The Cathedral, in the midst of the City, belonged to all alike: its splendid services, the singing of the choir, the rolling of the organ, the procession of priests with their white and gold copes, the ringing of the bell every day seven times from daybreak till curfew for as many services, the shrines of the saints, flaming with gold and precious stones and rich embroideries, especially those of St. Erkenwald, St. Ethelburga, and St. Mellitus, all these things appealed to the citizen and kept him loyal to the faith.

THE PRIORESS
From the Ellesmere MS.

THE MONK AND HIS GREYHOUNDS

There were, after the Cathedral dignitaries, the parish priests and the chantry priests, with the great army of those who lived by the altar; the anchorites and the hermits, the monks and friars, the nuns and sisters, all the people who formed the service of the monastic houses, the hospitals for the sick, the houses for the insane, the lepers’ houses, the schools, and the colleges. The last named were not places of education, but colleges of priests, of which All Souls, Oxford, and the College of Dulwich are two survivals. In London there were the Colleges of St. Thomas of Acon, in Cheapside, where is now Mercers’ Hall; that of St. Spirit and St. Mary founded by Whittington for a Master and four Fellows with clerks, conducts, choristers, and an almshouse; St. Michael’s, Crooked Lane, for a Master and nine Fellows; Jesus’ Commons for priests; and St. Augustine’s Papey for old and infirm priests. Quiet and pleasant places all, where life gently glided along; where there were no duties but the daily mass, no Rule, no Austerities—the ideal life for the scholar among the books of the library; and for those who loved to sit apart and meditate among the trees and flower-beds of the garden in summer, or in the glazed cloisters sheltered from the cold wind and frost of winter. Outside, in the work-a-day world, what did the people think and believe? The history of religion, or of religious thought, in London, cannot be separated from that of the whole country. It is a history of enthusiasms in successive waves.
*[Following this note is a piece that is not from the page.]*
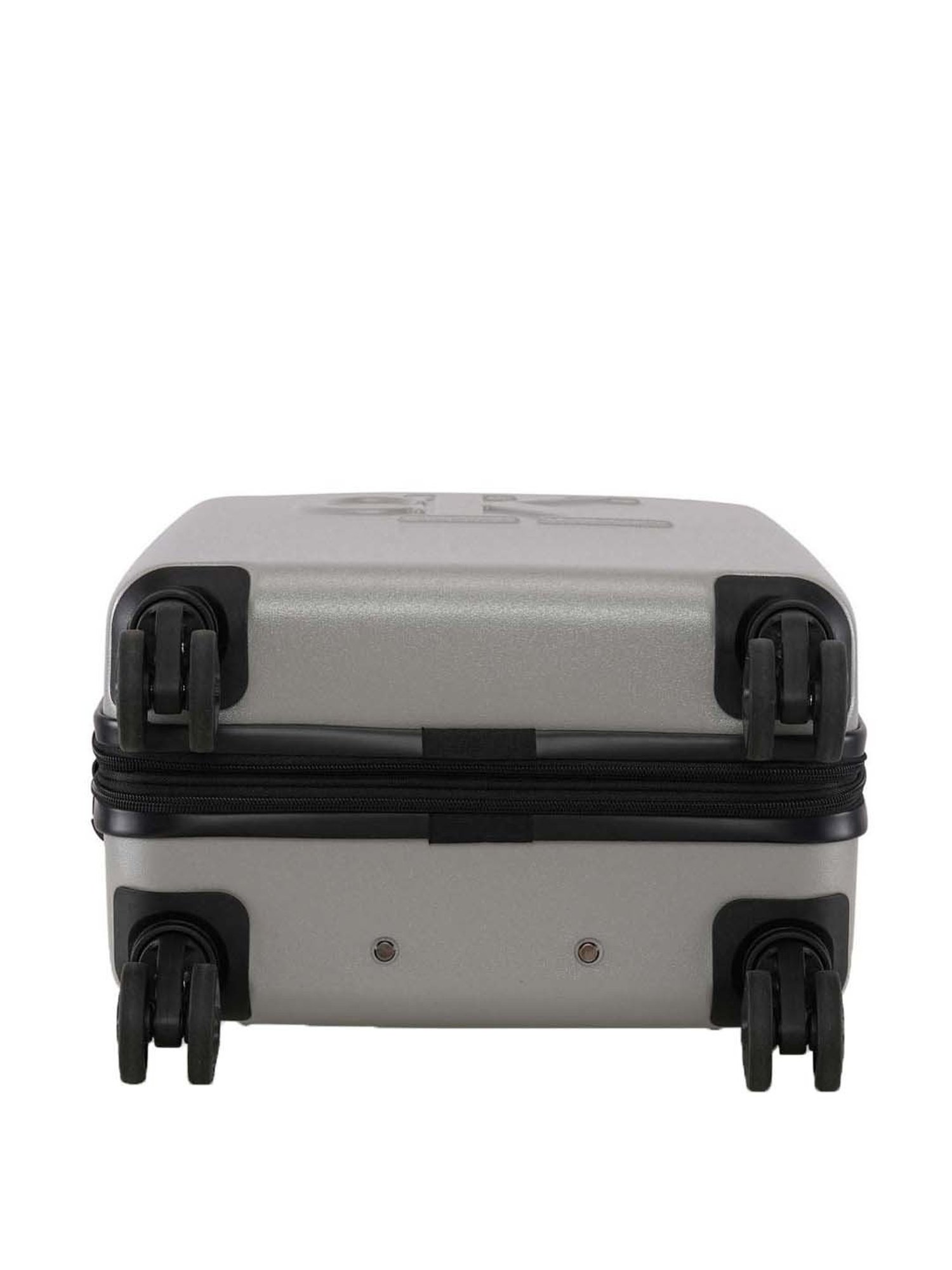 Perquisite Y2K Luxe Range Black Hard 20" Cabin Luggage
When the whole of England—in the eighth century—understood, with a new and overwhelming sense, the reality of Christianity; when Kings and Queens, Earls and Thanes and noble ladies crowded into the monasteries, there to prepare for the next world, compared with which this present world is not worth considering, then the people of London for their part rebuilt the Abbey of Westminster, and founded the House of St. Martin-le-Grand; they divided London into parishes and erected parish churches; they created guilds for the spiritual nourishment of those who could not enter the Religious House.

During the two hundred years of struggle with the Danes and Normans, these Houses were destroyed, or, if they survived, were carried on with fewer brethren and a more slender endowment.

When order returned, and a strong King made it possible for men to live without the weapons of war at hand, the mind of the people, always a profoundly religious people, turned again to the realities of the unseen world. Once more there awakened the sense of change and decay and the worthlessness of things fleeting. The Court Jesters—converted—founded hospitals; the City Fathers handed over the lands of the City to the newly founded House of the Holy Trinity. Monasteries, nunneries, and colleges sprang up everywhere. The new foundations satisfied the people for another hundred years or so. Then they woke up once more in the old way. The religious life, they discovered, is not always found in the Religious House; the hood does not make the monk. The Friars came over to the country; they showed the people a new kind of religious life; one not separated from the world, but moving and living in the world; one that saves the soul by losing it and mounts to Heaven by the prayers and gratitude of men and women whom it has lifted from the mire and slough of sin and disease and misery. No more noble form of Christianity can be presented. Francis discovered the very mind of the Founder.